**Problem description:**
Read through the data and report every line in which the word "with" occurs.

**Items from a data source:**

= Beginning of Section =

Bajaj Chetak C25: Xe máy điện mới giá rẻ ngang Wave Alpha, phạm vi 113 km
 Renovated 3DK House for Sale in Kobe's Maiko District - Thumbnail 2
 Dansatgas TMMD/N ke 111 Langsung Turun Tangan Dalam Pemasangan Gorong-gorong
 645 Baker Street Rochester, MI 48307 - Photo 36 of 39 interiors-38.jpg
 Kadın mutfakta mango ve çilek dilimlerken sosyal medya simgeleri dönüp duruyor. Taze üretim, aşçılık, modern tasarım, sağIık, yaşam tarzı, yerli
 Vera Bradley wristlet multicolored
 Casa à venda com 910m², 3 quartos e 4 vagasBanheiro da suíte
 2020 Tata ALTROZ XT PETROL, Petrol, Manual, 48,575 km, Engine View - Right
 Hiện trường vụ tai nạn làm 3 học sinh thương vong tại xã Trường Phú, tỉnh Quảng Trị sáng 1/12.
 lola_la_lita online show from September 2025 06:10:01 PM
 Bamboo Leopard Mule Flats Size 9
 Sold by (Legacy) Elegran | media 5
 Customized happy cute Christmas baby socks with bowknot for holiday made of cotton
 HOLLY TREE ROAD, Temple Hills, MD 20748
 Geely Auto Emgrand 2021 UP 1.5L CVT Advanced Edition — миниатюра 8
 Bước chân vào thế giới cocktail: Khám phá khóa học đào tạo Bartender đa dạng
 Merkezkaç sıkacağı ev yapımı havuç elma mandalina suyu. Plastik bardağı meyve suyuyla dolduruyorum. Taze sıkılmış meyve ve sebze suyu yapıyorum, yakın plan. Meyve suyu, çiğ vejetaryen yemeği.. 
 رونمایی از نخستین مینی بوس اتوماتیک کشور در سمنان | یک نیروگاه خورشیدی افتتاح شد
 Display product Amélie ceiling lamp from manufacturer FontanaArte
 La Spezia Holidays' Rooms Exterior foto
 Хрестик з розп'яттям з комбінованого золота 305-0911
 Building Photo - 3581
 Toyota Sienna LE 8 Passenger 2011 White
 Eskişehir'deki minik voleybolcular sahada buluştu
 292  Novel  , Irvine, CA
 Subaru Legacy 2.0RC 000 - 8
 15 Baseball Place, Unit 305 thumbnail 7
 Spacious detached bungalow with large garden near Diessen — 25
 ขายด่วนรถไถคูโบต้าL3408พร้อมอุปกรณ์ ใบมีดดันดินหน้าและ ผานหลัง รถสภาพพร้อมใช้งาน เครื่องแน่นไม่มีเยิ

= End of Section =

**Response to this exercise:**
 Customized happy cute Christmas baby socks with bowknot for holiday made of cotton
 Spacious detached bungalow with large garden near Diessen — 25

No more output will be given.